Dans la foulée d'un score particulièrement élevé aux élections européennes (25,5% des voix), le Rassemblement National a confirmé au premier tour des élections législatives du 30 juin qu'il s'était bien ancré en Bretagne, terre historiquement modérée et de social-démocratie. Selon Thomas Frinault, enseignant-chercheur en sciences politiques à l'université Rennes-2, une triangulaire est quasiment la condition sine qua non pour ce parti d'espérer une victoire. Mais dans les trois points les plus chauds, où le RN s'est classé en tête dimanche dernier, il sera engagé dans des duels.
LA TRIBUNE - Quels enseignements tirez-vous du premier tour des élections législatives en Bretagne ?

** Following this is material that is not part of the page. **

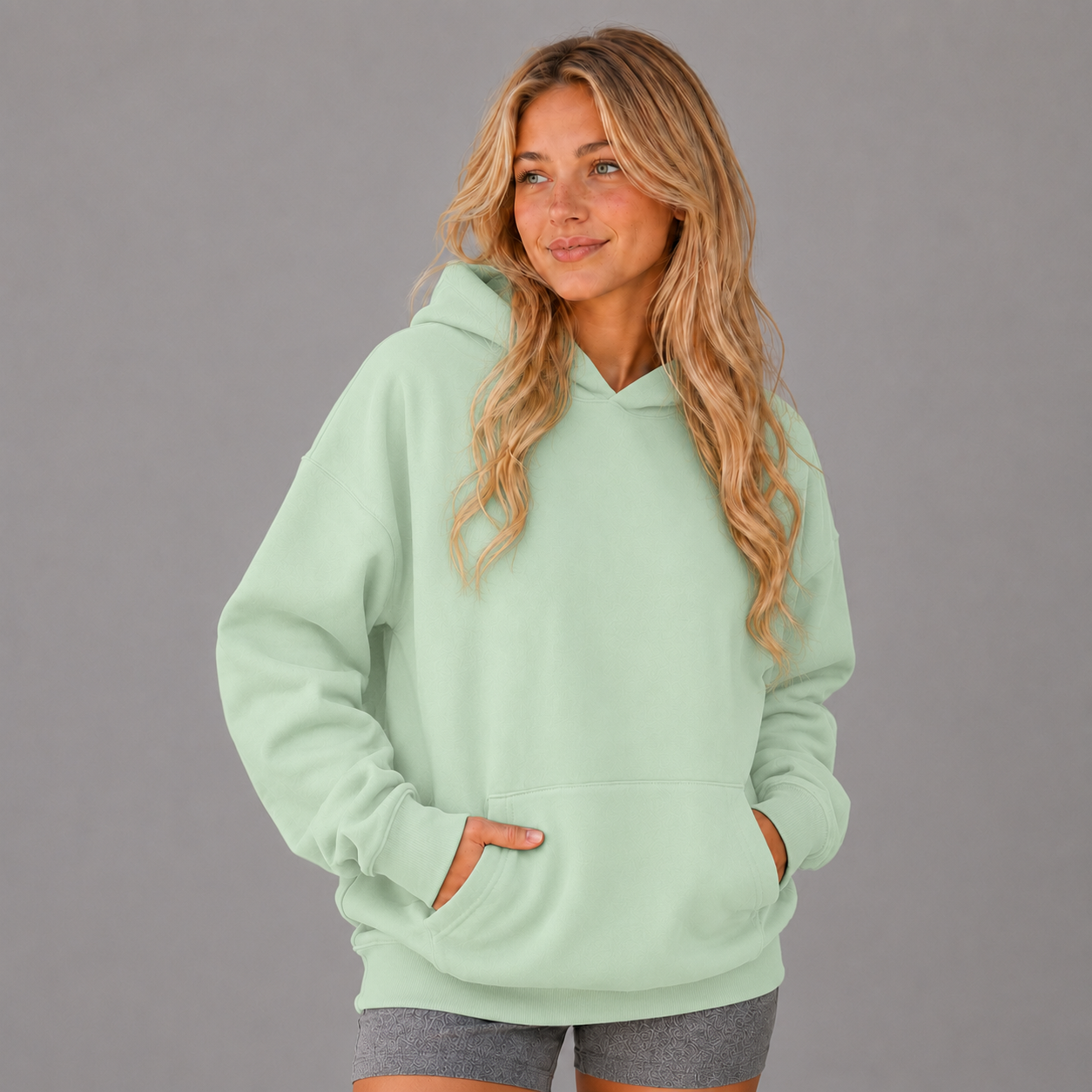 KEYNOO Oversized Pullover Hoodie – Mint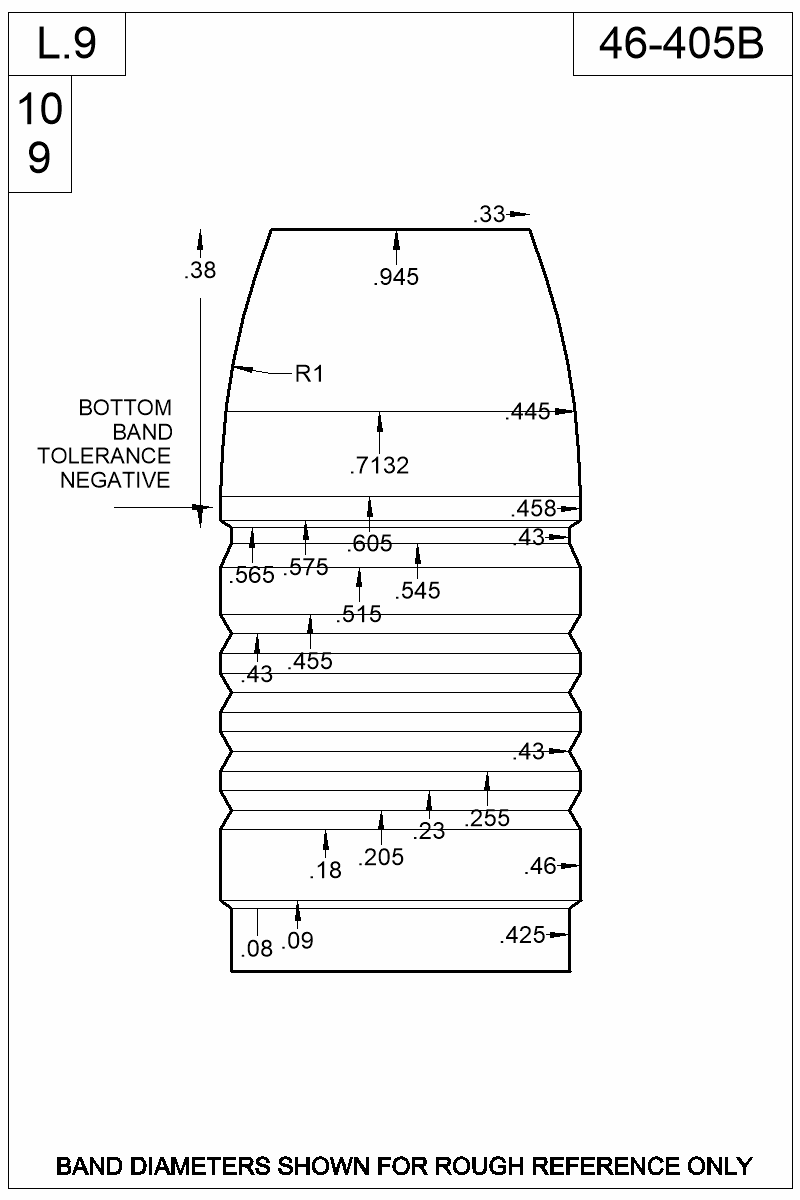 Dimensioned view of bullet 46-405B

Thomas Frinault : Avec un taux de 73,4%, on observe un rebond général de la participation, sachant qu'en comparaison avec d'autres autres régions, il y a traditionnellement une surcote en Bretagne, notamment en Morbihan et en Côtes d'Armor. En revanche, les sursauts ont été inégaux selon les départements, avec cette fois-ci une forte hausse en Finistère, et un peu moins en Ille-et-Vilaine. Cet élément de la participation est important du fait qu'elle a un impact sur la possibilité de triangulaires. La campagne éclair a réduit le nombre de candidatures presque de moitié par rapport à 2022. Les votes se sont globalement concentrés sur les trois grands blocs. Il en ressort une répartition des scores beaucoup plus resserrée.